I'm trying to deal with an index that the Upgrade Assistant has said needs to be reindexed before an upgrade to Elasticsearch 7. The index was created with 5.6.14 and the cluster currently runs 6.8.9. Due to an issue with one of the fields sometimes having a value that conflicts with the Boolean mapping specified for it in the index template, the index can't be reindexed using the reindex API. Instead I'm having Logstash read the index, modify the problem field where necessary, and then output everything to a new index. That works fine, but I've now encountered a problem with another field

[2020-08-27T14:08:17,001][WARN ][logstash.outputs.elasticsearch] Could not index event to Elasticsearch. {:status=>400, :action=>["index", {:_id=>"AWp5yExBr4bv6yv4hpHU", :_index=>"audit-reindex-v6-logstash-2019.05", :_type=>"_doc", :routing=>nil}, #<LogStash::Event:0x452f7372>], :response=>{"index"=>{"_index"=>"reindex-v6-logstash-2019.05", "_type"=>"_doc", "_id"=>"AWp5yExBr4bv6yv4hpHU", "status"=>400, "error"=>{"type"=>"mapper_parsing_exception", "reason"=>"failed to parse", "caused_by"=>{"type"=>"illegal_argument_exception", "reason"=>"object field starting or ending with a [.] makes object resolution ambiguous: [.requestedDate]"}}}}}

I've encountered that error before but I'm not sure I understand it in this instance. Evidently 5.6.14 accepted the data. The document in question contains

"_source": {
    "event": {
      "year": 2019,
      "data": {
        "sessionData.sessions[0].requestedDate": "Mon 23 Sep 2019",
        "sessionData.sessions[0].bookingCapacity": "70",
        "sessionData.sessions[0].dayPart": "Afternoon",
        "sessionData.sessions[0].preferredLocation": "CentralCampus"

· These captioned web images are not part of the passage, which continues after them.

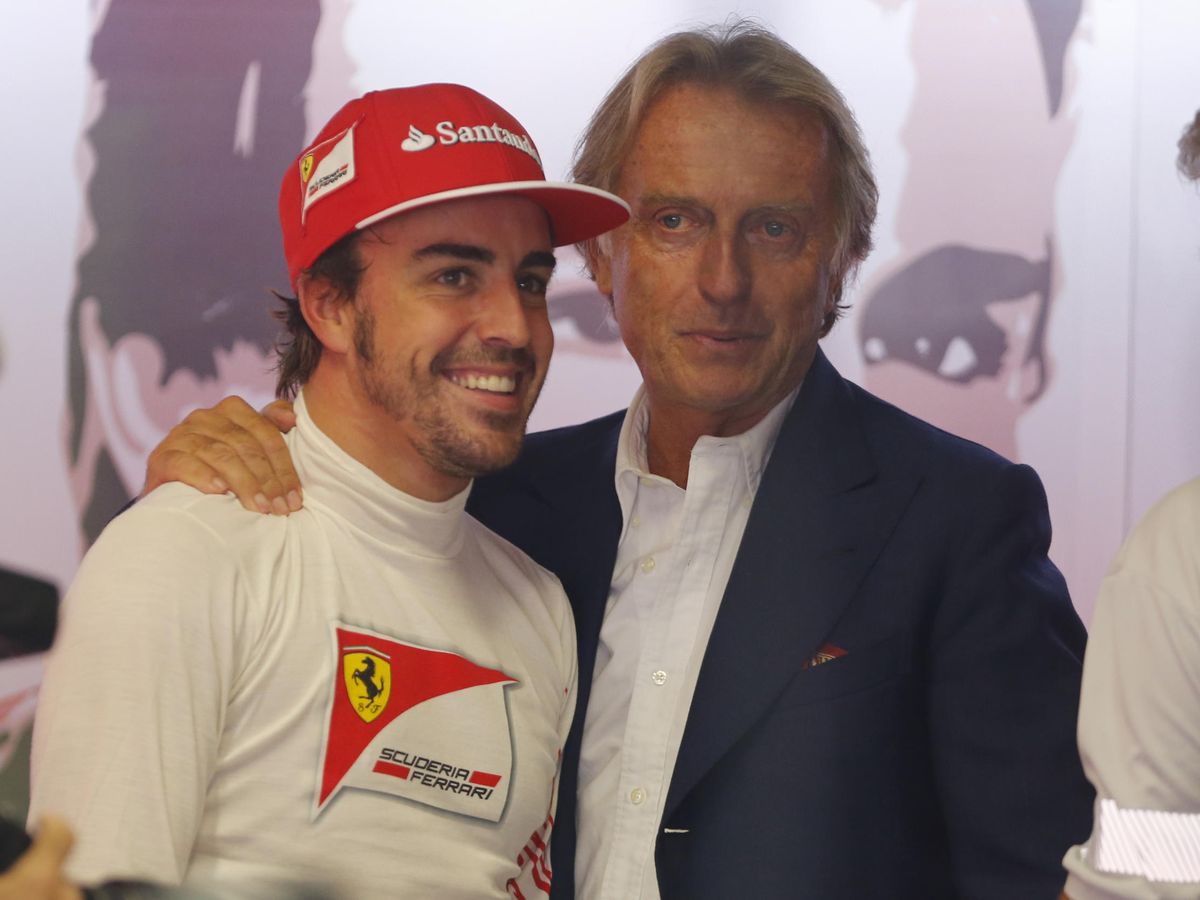 Foto: Fernando Alonso y Luca de Montezemolo, juntos en el último Gran Premio de Italia del español con Ferrari (AP)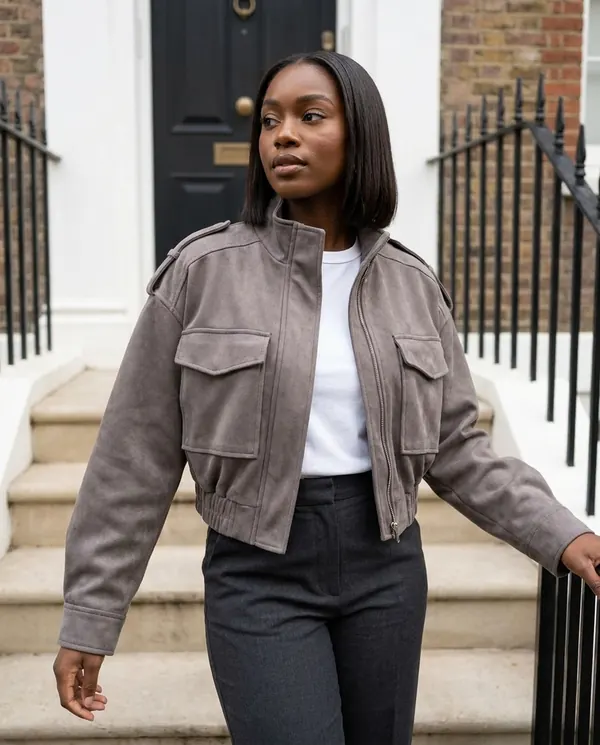 Satin Eve styling: Faux Suede Cargo-Pocket Bomber Jacket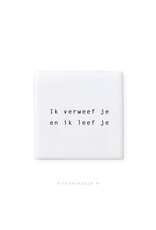 Vlinderkusjes Mini Troosttegeltje - ik verweef je - 5,5 x 5,5 cm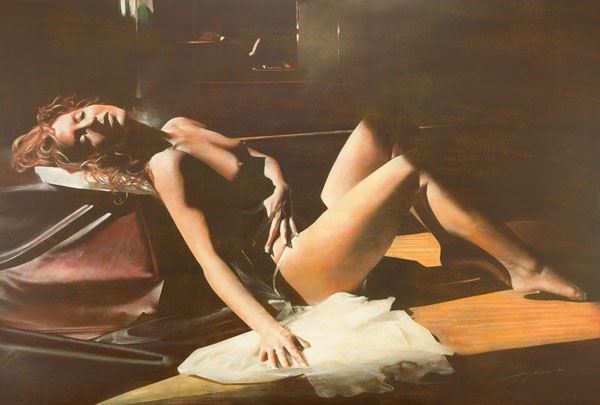 Antonio Sgarbossa, PAOLA (junge Frau, liegende Frau, Verführung, Erotik, Aktmalerei, lasziv, Pose, People & Eros, Menchen, Malerei, Wohnzimmer, Wunschgröße, bunt)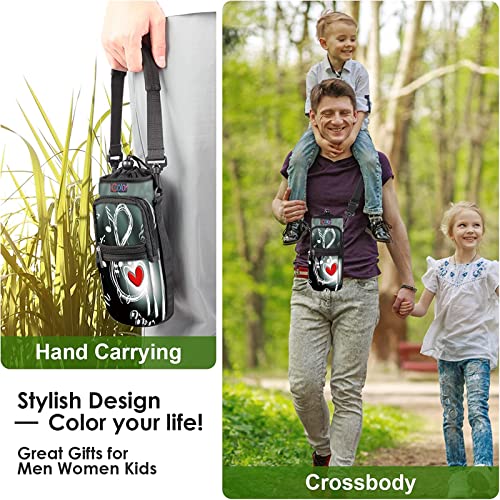 icolor Water Bottle Carrier Bag Holder 25/32/40/64oz,Adjustable Padded Shoulder & Handle Strap Sports Sling Hiking Pack,Insulated Neoprene Wide Mouth Bottle Sleeve - Image 5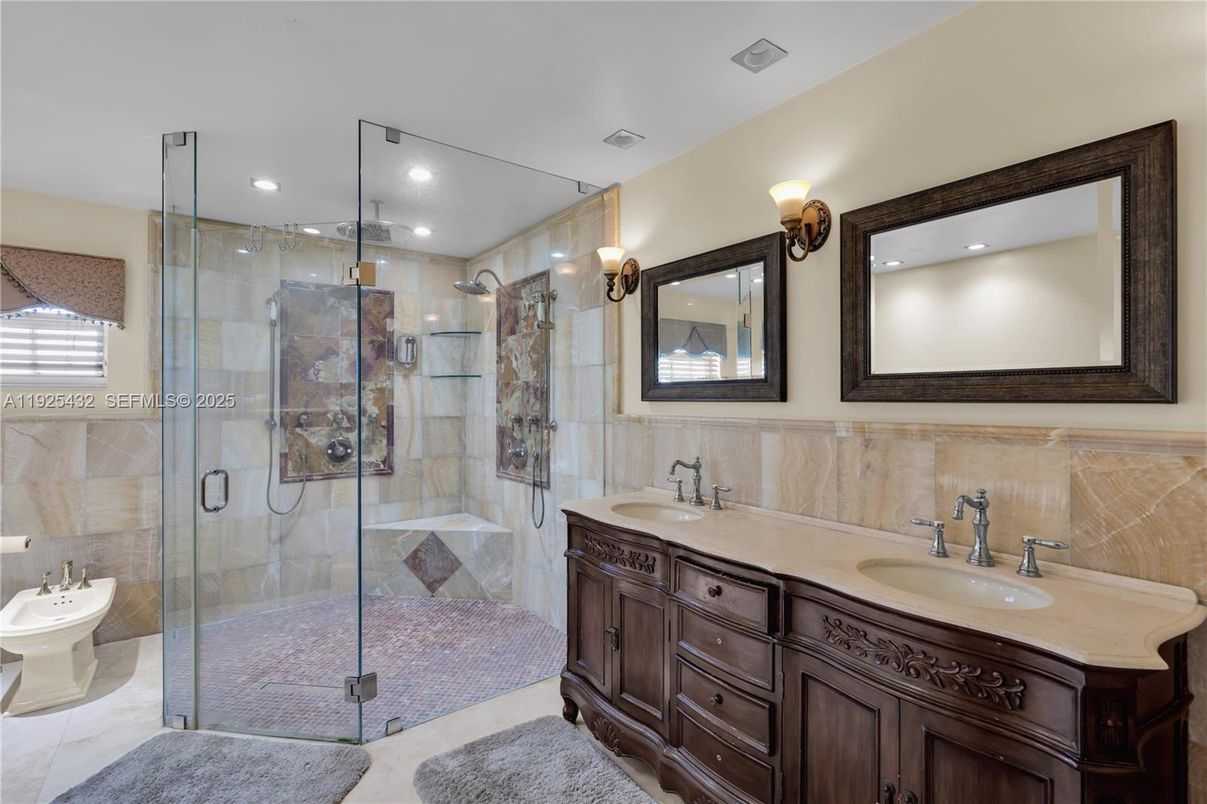 Bathroom, Dual Sink Vanities, Glass Shower, Interior, Recessed Lighting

Is the problem that Elasticsearch interprets sessionData.sessions[0].requestedDate as sessions being an array and then the first element of that can't be an object with a key name of .requestedDate because field names can't start with . ?

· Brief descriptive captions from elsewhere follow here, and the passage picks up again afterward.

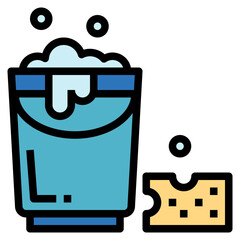 bucket filled outline icon style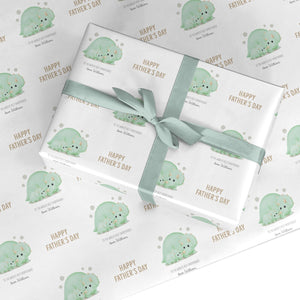 Happy Fathers Day Custom Triceratops Wrapping Paper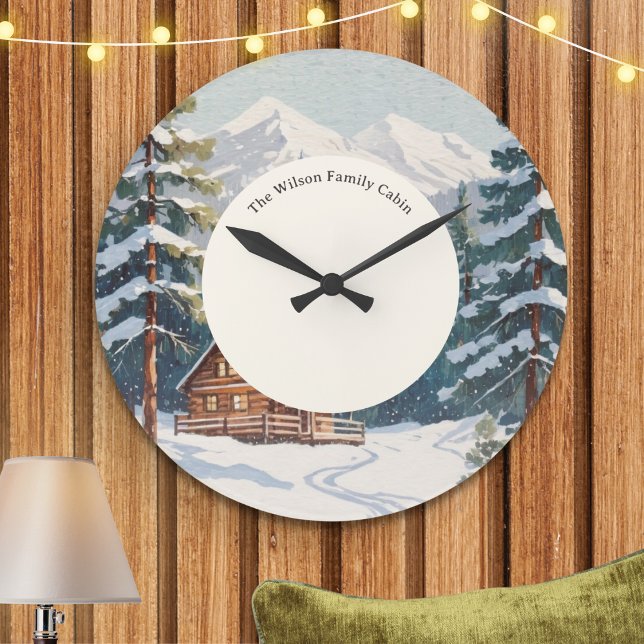 Relógio Grande Cabina da Família de Feriados de Neve Rustic Count (Step into a rustic winter wonderland with a personalized family cabin picture clock)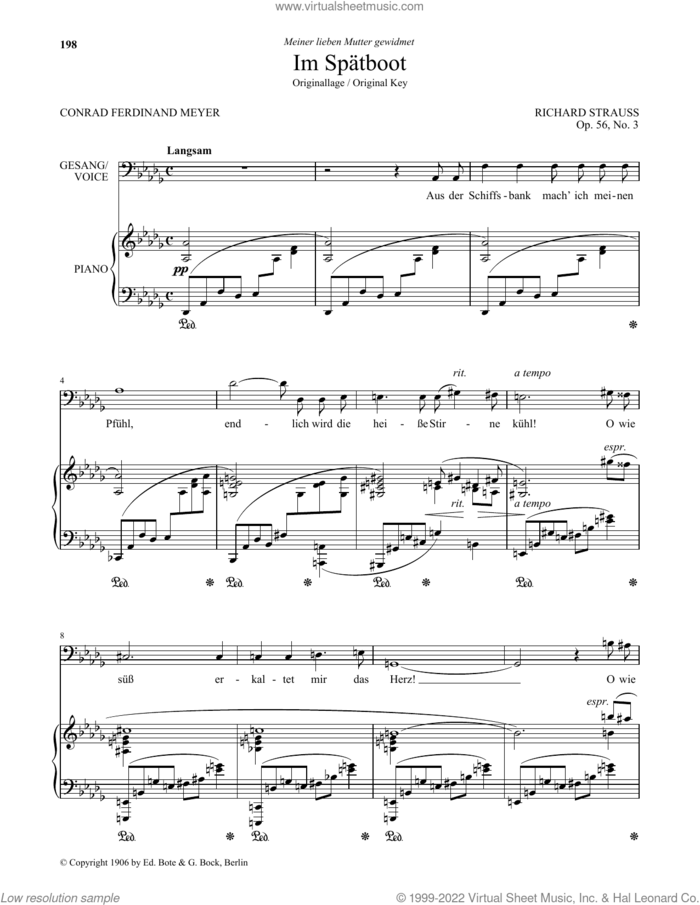 Im Spatboot (Low Voice) sheet music for voice and piano (Low Voice) by Richard Strauss and Conrad Ferdinand Meyer, classical score, intermediate skill level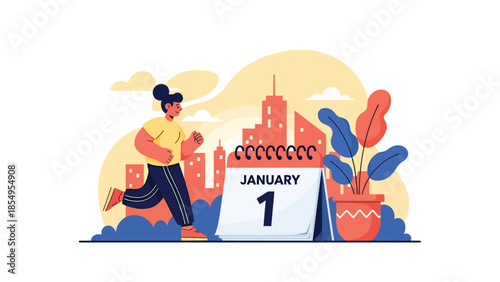 Modern flat vector illustration of New Year fitness resolution with person jogging in city park at sunrise, motivational scene, ideal for health content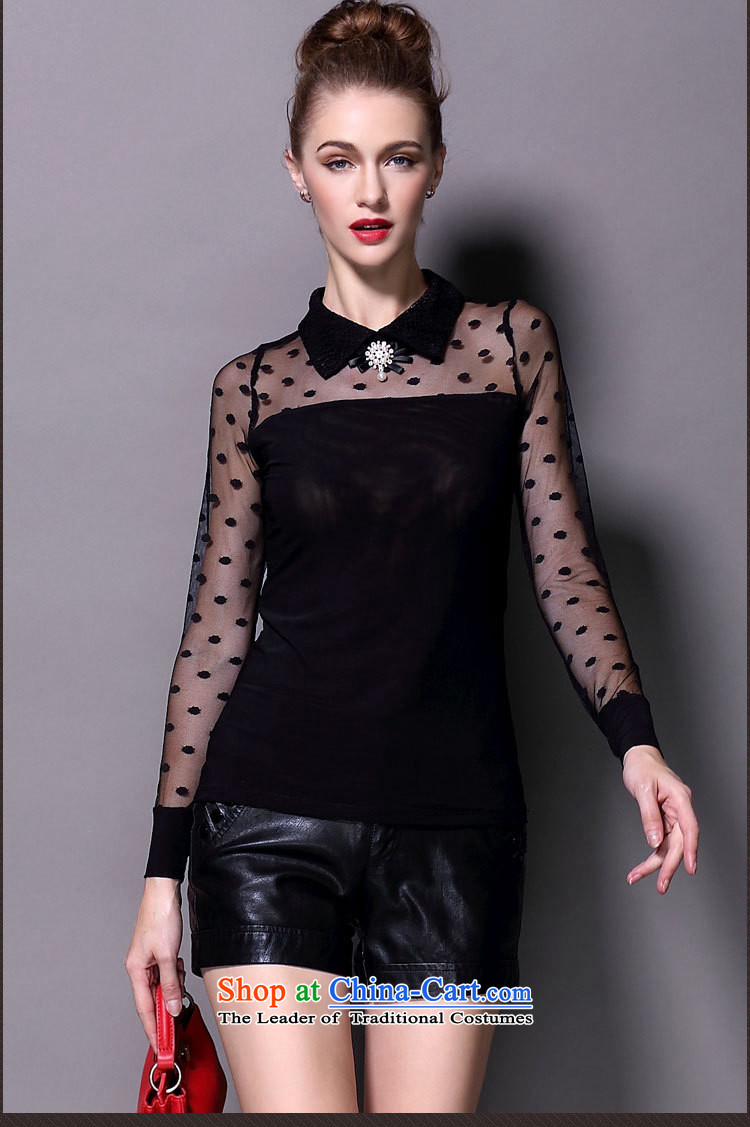 Orange Tysan * European site fall 2015 shirts larger female sexy lace stitching Mesh long-sleeved shirt black M pictures, forming, prices, brand platters! The elections are supplied in the national character of distribution, so action, buy now enjoy more preferential! As soon as possible.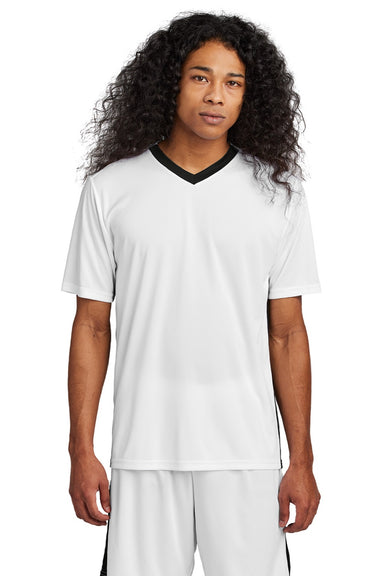 Sport-Tek ST101 Mens Moisture Wicking Competitor United Short Sleeve V-Neck T-Shirt White/Black Model Front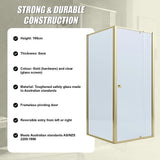 Adjustable Semi Frameless Shower Screen 82-90cm x 98-101cm With Gold Hardware For Modern Bathrooms - Extra Image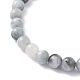 Bracelet extensible en perles d'oeil de faucon naturelles rondes pour fille femme BJEW-JB07151-01-5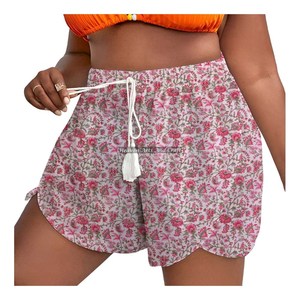 Shorts en voile de coton léger, imprimé à la main, avec cordon de serrage, style enveloppant, doux, pour le sommeil, faits sur mesure - Product Image 1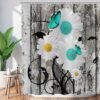 Unyqoos® Vintage Bloemen Douchegordijn met Houtnerf en Turquoise Madeliefmotief voor Badkamercomfort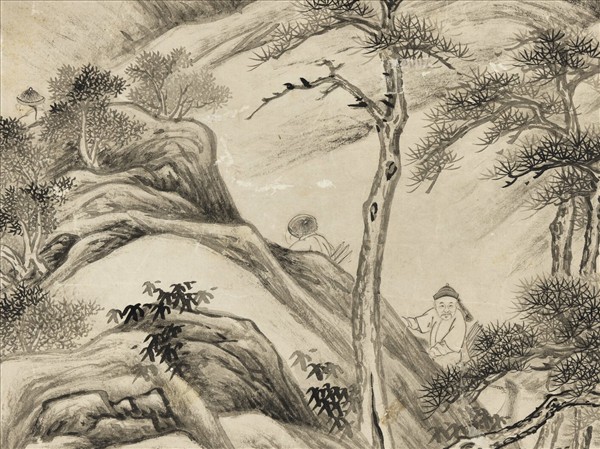 清張若澄撒圍圖　軸　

Suggestions on how to make Logstash turn those strings in to something Elasticsearch will accept are welcome!

I think that is correct. I think this is the code. Early on elasticsearch allowed periods in field names, then it didn't for a while, then it started doing so again but added constraints, and I think you are hitting one of those.

I think you would have to adjust the sessionData.sessions array to contain hashes.

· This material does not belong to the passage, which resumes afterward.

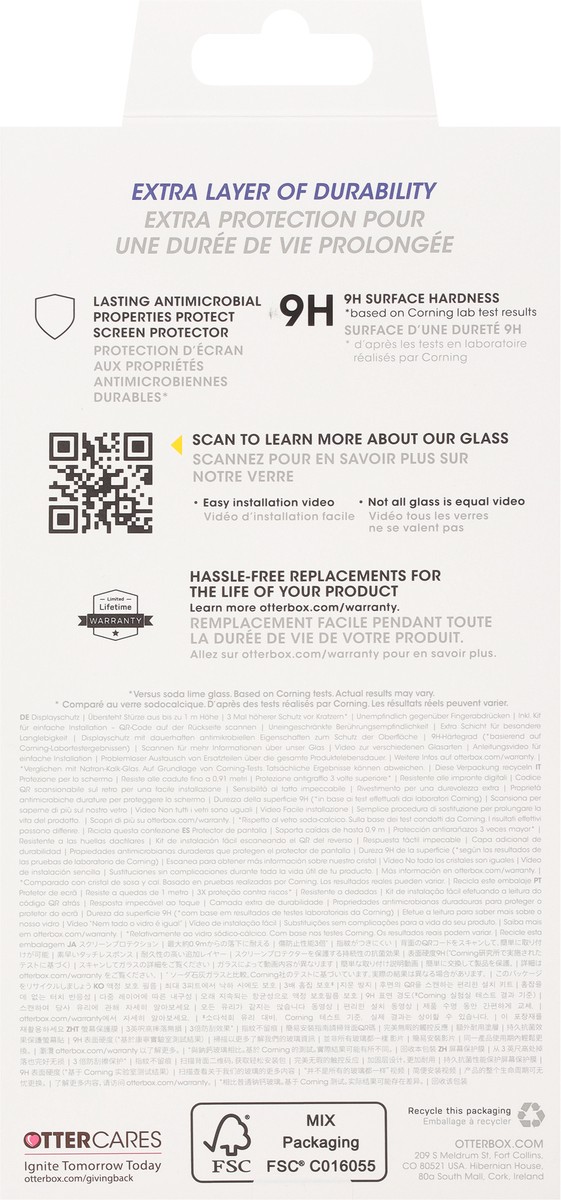 slide 7 of 9, OtterBox Alpha Glass Screen Protector 1 ea, 1 ct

I've realised that isn't the problem. I've reindexed lots of indices that the Upgrade Assistant said need reindexing successfully using the Elasticsearch reindex API and I noticed that some of the indices created as a result contain fields called sessionData.sessions[0].requestedDate and similar. So Elasticsearch doesn't have a problem with such fieldnames, but Logstash (6.8.9) does.

The attempt to reindex the problem index I mention in original post using Logstash had successfully copied all except 26 documents to the new index. The 26 documents that didn't copy being the ones that contain fields with names like sessionData.sessions[0].requestedDate. I extracted the _id for these documents from the Logstash log and then used the Elasticsearch reindex API to copy just those 26 documents from the old index to the new index. Quite the hassle having to use a combination of both the reindex API and Logstash to get everything in to a new index, but it's done now!

This topic was automatically closed 28 days after the last reply. New replies are no longer allowed.